SF Reviews: The Grand Alliance and War of the Spheres

Sunday , 10, February 2019 Leave a comment

Jay Allan’s Blood on the Stars series, of which The Grand Alliance is the eleventh book, is the heir to David Weber’s epic Honor Harrington series.

High praise, to be sure, and a statement that sets high expectations for readers. This feat is even more impressive as Allan is not writing Hornblower in Space, yet still conveys the heart of the naval tale: wooden ships and iron men. Denied the escalating technological arms race of Honor Harrington, Allan’s Tyler Barron must rely on leadership, motivation, diplomacy, and his damage control crews to outfight the numerically superior Union and the technologically superior Hegemony. In earlier books, Allan conveys the tension of a damage control race between opposing ships vying to bring their guns back online first without resorting to Star Trek physics-defying wizardry or Honor Harrington’s occasional forays into the accountant’s view of war.

In The Grand Alliance, now-Admiral Barron is gathering forces to retake the Confederation’s capital after the brutal battle that stopped the Hegemony’s invasion.

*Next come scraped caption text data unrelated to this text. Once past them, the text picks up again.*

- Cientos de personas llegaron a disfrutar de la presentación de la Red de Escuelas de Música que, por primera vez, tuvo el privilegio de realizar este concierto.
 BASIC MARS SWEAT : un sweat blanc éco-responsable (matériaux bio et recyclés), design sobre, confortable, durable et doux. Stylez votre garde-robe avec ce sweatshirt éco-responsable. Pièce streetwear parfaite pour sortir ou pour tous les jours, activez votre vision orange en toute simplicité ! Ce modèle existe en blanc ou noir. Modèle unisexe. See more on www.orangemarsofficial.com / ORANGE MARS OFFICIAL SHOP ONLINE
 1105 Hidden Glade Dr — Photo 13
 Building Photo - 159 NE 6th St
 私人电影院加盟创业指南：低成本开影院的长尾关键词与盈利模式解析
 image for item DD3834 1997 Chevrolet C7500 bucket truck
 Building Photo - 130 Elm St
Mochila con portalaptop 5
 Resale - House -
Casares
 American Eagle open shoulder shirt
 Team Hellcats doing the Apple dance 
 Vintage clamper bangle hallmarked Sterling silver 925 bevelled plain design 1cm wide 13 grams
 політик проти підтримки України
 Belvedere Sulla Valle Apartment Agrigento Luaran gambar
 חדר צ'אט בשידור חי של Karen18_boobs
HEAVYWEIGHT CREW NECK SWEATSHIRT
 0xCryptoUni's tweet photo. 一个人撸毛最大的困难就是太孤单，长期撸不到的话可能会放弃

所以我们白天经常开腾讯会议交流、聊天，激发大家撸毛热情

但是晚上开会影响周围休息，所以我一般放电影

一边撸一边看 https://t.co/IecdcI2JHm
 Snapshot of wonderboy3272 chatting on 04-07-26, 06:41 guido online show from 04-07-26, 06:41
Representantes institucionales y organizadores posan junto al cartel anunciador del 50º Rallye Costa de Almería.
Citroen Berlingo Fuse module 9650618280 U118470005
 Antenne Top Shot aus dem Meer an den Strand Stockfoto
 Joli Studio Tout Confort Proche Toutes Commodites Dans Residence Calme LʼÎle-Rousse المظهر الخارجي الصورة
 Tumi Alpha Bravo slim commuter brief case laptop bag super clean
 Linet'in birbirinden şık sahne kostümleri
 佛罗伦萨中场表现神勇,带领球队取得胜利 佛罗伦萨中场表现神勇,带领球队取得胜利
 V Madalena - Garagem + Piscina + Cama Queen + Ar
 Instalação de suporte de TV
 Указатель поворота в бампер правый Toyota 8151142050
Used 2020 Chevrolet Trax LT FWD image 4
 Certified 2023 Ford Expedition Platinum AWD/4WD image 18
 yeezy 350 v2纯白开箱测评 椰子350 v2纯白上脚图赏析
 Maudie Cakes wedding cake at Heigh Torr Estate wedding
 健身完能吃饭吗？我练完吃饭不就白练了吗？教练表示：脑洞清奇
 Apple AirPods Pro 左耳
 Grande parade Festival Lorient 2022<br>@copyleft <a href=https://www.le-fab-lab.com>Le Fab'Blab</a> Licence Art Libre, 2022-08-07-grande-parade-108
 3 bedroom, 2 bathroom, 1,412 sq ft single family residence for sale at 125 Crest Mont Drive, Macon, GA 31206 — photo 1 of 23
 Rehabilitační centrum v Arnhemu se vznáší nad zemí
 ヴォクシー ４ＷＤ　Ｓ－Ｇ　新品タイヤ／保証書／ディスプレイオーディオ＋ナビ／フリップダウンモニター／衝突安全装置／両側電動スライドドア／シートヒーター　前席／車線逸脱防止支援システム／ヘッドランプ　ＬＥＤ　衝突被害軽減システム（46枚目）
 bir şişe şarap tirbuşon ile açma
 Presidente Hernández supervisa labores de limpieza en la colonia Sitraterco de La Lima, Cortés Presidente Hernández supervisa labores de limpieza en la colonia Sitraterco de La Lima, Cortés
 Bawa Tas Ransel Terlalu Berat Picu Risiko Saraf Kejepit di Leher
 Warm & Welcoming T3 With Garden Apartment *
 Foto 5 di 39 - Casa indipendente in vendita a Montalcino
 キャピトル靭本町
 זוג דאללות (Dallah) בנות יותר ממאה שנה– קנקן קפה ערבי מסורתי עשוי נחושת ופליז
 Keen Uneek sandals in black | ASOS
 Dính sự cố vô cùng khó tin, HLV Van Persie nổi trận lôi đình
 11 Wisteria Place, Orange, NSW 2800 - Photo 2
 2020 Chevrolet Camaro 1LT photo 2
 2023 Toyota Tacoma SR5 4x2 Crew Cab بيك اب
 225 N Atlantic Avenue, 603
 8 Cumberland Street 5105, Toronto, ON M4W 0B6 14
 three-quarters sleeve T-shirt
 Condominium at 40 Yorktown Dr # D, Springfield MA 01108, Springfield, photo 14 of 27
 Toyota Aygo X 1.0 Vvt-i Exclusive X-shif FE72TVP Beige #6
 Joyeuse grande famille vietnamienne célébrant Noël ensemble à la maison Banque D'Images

He needs time to rebuild his fleet, time that will only make the Hegemony invaders increasingly stronger than his forces can ever become. While the rump of the Confederation’s government seeks to negotiate with the invaders assimilating their citizens, Barron decides to risk it all in one last drive to the Capital. But first he must draw away enough Hegemony ships to give his strike a chance.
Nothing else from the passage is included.